How is it dishonest? F2P does not automatically mean using dark patterns or openly making it Pay2win. Cosmetics are the prime example of an honest F2P, as they have zero impact on the game and still allow the developers to eat.

Do you consider demos also dishonest?



> Cosmetics are the prime example of an honest F2P, as they have zero impact on the game

To have zero impact on the game, they'd have to not be a part of the game. Or have ever existed at all, really.

But if you think they are so meaningless, why do you think people buy them? Also, don't you think convincing someone to buy nothing sounds like something a con artist would do?

> allow the developers to eat

How do microtransactions feed developers? Do you just mean because its their job to build the game? (which necessarily includes the various monetisation systems)


> But if you think they are so meaningless, why do you think people buy them?

Because they're fun.

Some people are willing to spend $5 so that their Rocket League car is the Batmobile. It has no effect on the mechanics of the game (Your car's hitbox is still the same, and it has the same speed/acceleration), but makes the game that much more enjoyable for the player.

In Splitgate (F2P FPS), I bought the battle pass for $10 because I wanted my assault rifle to look like it was made of cardboard. The damage and accuracy didn't change. It's a purely cosmetic effect that I thought was amusing.

> How do microtransactions feed developers? Do you just mean because its their job to build the game? (which necessarily includes the various monetisation systems)

Don't act like you think you know what was meant. It's annoying and smells like bad faith.


Splitgate is annoying because some skins look red and blue and you can't tell what team they're on. I haven't played enough to find out how long it takes to get used to that. It's also a poor quality game and precisely the type of thing that comes to mind when I hear F2P (I realize Splitgate may have started out as a fun project more than a microtransaction cow from the outset). I quickly returned to Halo. I prefer playing games that actually feel like real products and are created by people who know what they're doing.
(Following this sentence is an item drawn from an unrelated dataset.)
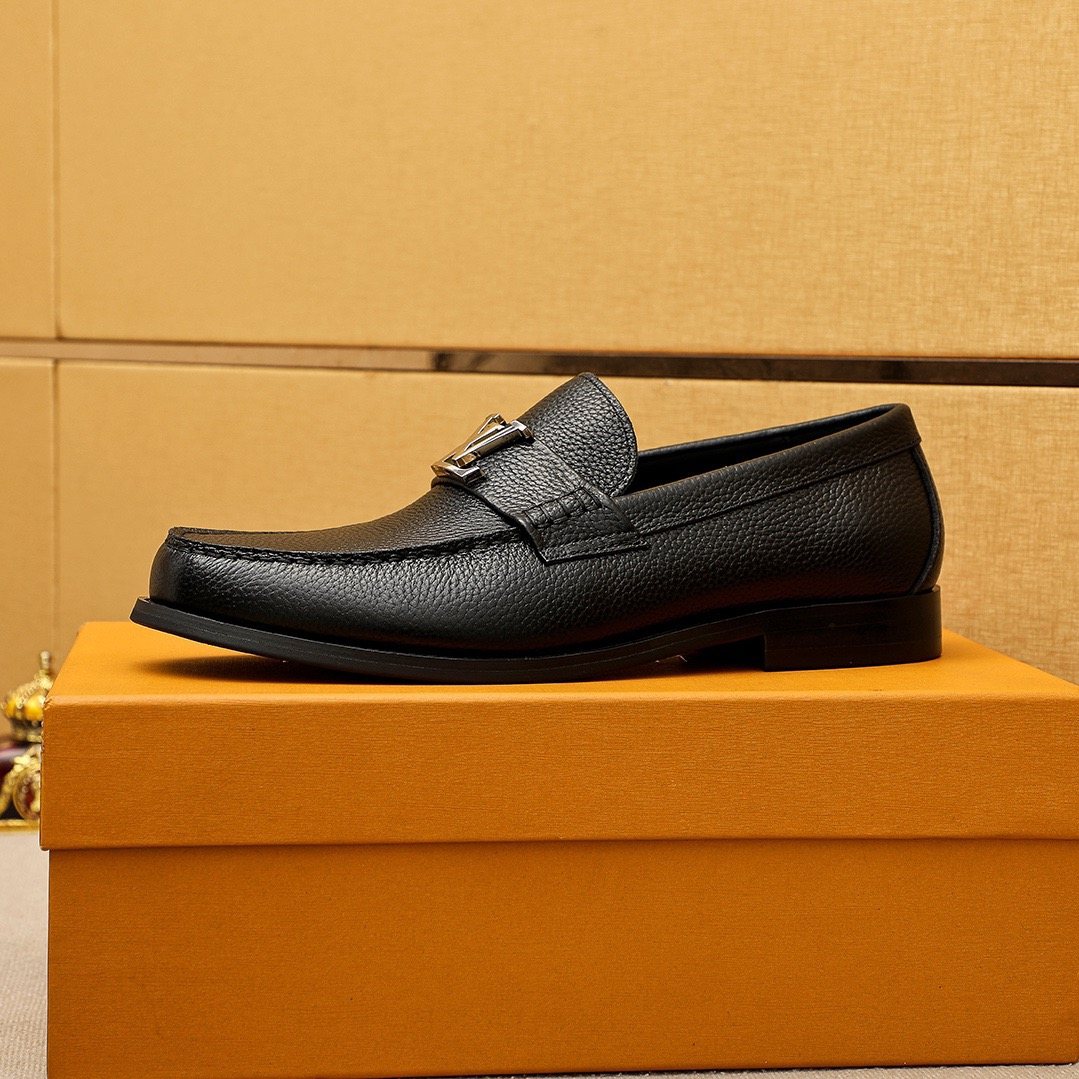 Louis Vuitton Black Pebbled Leather Loafers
In F2P games you need to spend hundreds of hours to either grind to unlock basic functionality, or even if they don't have grinding, you still need skins or everyone will leave your party because they assume you're a noob. Skins drag down game performance. I've seen literal billion dollar games where it ran perfectly fine until they added waves of skins. Also multiple games where each time someone comes near you with a skin, the game freezes to load the skin (probably a blocking socket call in the middle of the main game client loop, as that's the quality you get in such games). And in most games, emotes and skins allow unintended behavior that gives advantages to their users. This is what happens when you focus all dev work on designing skins and zero thought goes into how they would affect the game.

Now, since you don't want to spend hundreds of hours unlocking the ability to play the game on a level playing field, you will probably want to spend money to unlock these things. This will costs hundreds of dollars, far more than you would pay for an actual real game. Even if you unlock them the free way, there's a high chance your account eventually gets banned. As, once again, the studio has no experience in anything other than skin design, and have no idea how their game actually works and will cave in to every single basic cheating allegation and social crap like "he was in my game therefore he stream sniped me". Again, if you have ever played a game in the last 30 years, you would be well aware that most people in charge do not understand very basics like how you could infer an enemy is near you because you heard him behind the wall, or he triggered something on the map somewhere that tells the other player that trigger was indeed triggered across the map.

> zero impact

Obviously false unless you have never played a game before.